But that was 17 years ago. My father's dead and the Chargers suck.
What I was wondering was why a fashion magazine like GQ loves football?other than the obvious benefits that flow from nearly two pounds of glossy advertising. I headed to Gallagher's Steak House, to the party tossed by GQ editor-in-chief Art Cooper along with the Giants and the Jets, to get the answer.
I'm not the hugest football fan, and with the city looking at a real chance for the first subway series since the days of the nickel fare, getting up for a football-themed soiree was somewhat of a chore. But the night started with a weirdly appropriate New York moment. My recorded cab voice was Mr. Ruptured Achilles' Heel, Vinny Testaverde, himself. "Please remember to pack up your belongings," he told me. Same to you, V.
Gallagher's was packed, and decorated with clusters of little blue and white "GQ"-inscribed footballs. There were GQ cheerleaders, too, also decorated in blue and white and similarly inscribed. It was easy to guess why they loved football: It put modeling dollars in their pockets. The central bar was three deep with young fashionable types there for the free booze and models, interspersed with the Sunday-pots-of-chili-and-cold-Lowenbrau guys who root for the Cowboys, or maybe make it up to Baker Field when Princeton visits. Diehard football fans could head to the back room to chat up some of the real players who showed up. They could talk to Giants linebacker Jessie Armstead about his perfect attendance record, or ask defensive back Percy Ellsworth if he missed returning punts, like he did on occasion for the University of Virginia; or maybe Jets tight end Fred Baxter had news on Testaverde. I asked Baxter who he liked if there's a subway series?if GQ can ask Patriots QB Drew Bledsoe and ESPN host Chris Berman which football helmet was their favorite, I figured I could ask baseball questions. Baxter told me he lives in Atlanta and likes the Braves. He said, "If the Braves don't make the World Series, I don't care who wins."
The lovely young models in the room didn't look like they loved football, but they sure did like easy-on-the-eyes Giants cornerback Jason Sehorn. Sehorn is featured in an eight-page fashion spread, and looks really good. Both Jason and cashmere are making comebacks this year. He was holding some stack of papers, fanning himself. "Are those modeling contracts?" I asked. No, they were just something to move the stale Gallagher's air around. Would you chuck it all for a big fashion career? "No," he answered, "football is my love."
I ran into New York Post columnist Amy Sohn, who greeted me surprisingly warmly and told me how simply awful it is to have a column in the New York Post. I found GQ special correspondent and former Food TV star Alan Richman, probably the most pleasant man in the room that evening. We talked about the decline of Food TV until he spotted Cooper for me.

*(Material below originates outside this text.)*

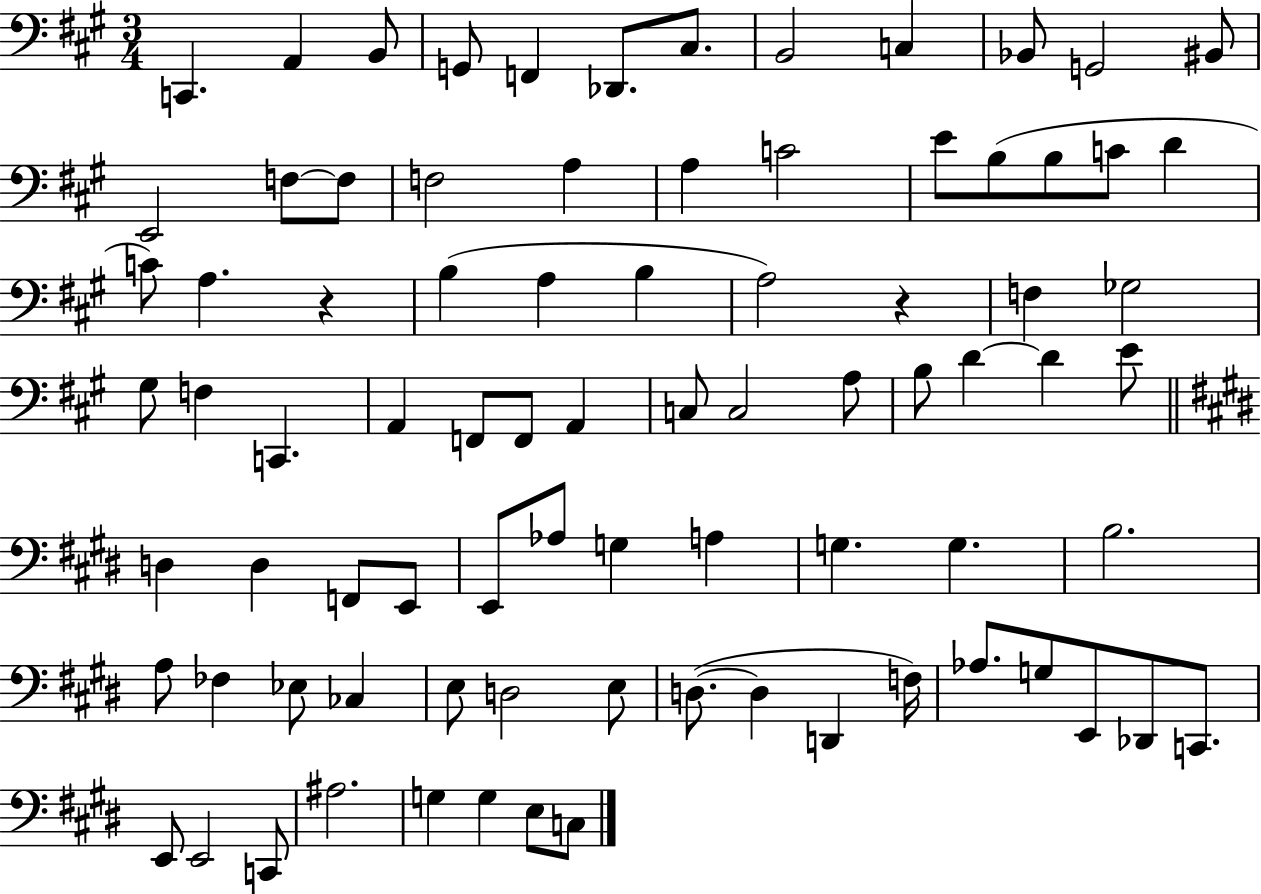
C2/q. A2/q B2/e G2/e F2/q Db2/e. C#3/e. B2/h C3/q Bb2/e G2/h BIS2/e E2/h F3/e F3/e F3/h A3/q A3/q C4/h E4/e B3/e B3/e C4/e D4/q C4/e A3/q. R/q B3/q A3/q B3/q A3/h R/q F3/q Gb3/h G#3/e F3/q C2/q. A2/q F2/e F2/e A2/q C3/e C3/h A3/e B3/e D4/q D4/q E4/e D3/q D3/q F2/e E2/e E2/e Ab3/e G3/q A3/q G3/q. G3/q. B3/h. A3/e FES3/q Eb3/e CES3/q E3/e D3/h E3/e D3/e. D3/q D2/q F3/s Ab3/e. G3/e E2/e Db2/e C2/e. E2/e E2/h C2/e A#3/h. G3/q G3/q E3/e C3/e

I reintroduced myself and sent my boss' regrets. Cooper wanted to know where the black turtleneck he gave my boss was. "Where's yours?" I countered, pointing to his open, collarless buttondown.

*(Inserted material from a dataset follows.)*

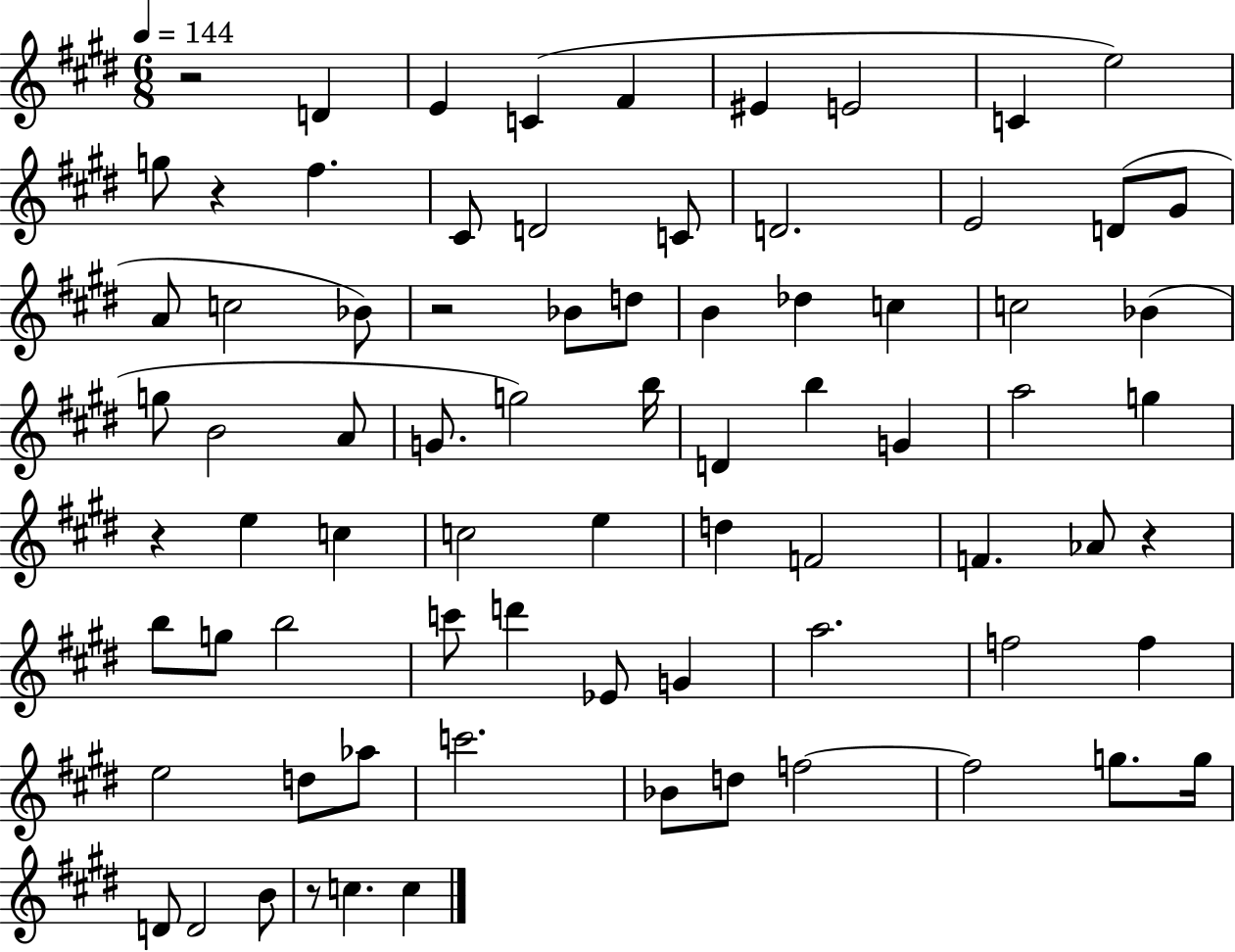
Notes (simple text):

R/h D4/q E4/q C4/q F#4/q EIS4/q E4/h C4/q E5/h G5/e R/q F#5/q. C#4/e D4/h C4/e D4/h. E4/h D4/e G#4/e A4/e C5/h Bb4/e R/h Bb4/e D5/e B4/q Db5/q C5/q C5/h Bb4/q G5/e B4/h A4/e G4/e. G5/h B5/s D4/q B5/q G4/q A5/h G5/q R/q E5/q C5/q C5/h E5/q D5/q F4/h F4/q. Ab4/e R/q B5/e G5/e B5/h C6/e D6/q Eb4/e G4/q A5/h. F5/h F5/q E5/h D5/e Ab5/e C6/h. Bb4/e D5/e F5/h F5/h G5/e. G5/s D4/e D4/h B4/e R/e C5/q. C5/q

"C'mon," he said. "Not in the summer." I passed along John Strausbaugh's scorn over a chart in the football GQ about the decline of males as they age. According to that chart, men in their 30s experience 121 orgasms a year. According to Strausbaugh, if that's wads shot, it's way low; if it's times laid, they're lying. Per month is more like it, is Strausbaugh's view. Cooper said, "Tell Strausbaugh he's a wimp," and then excused himself to go give those football players some lovin'.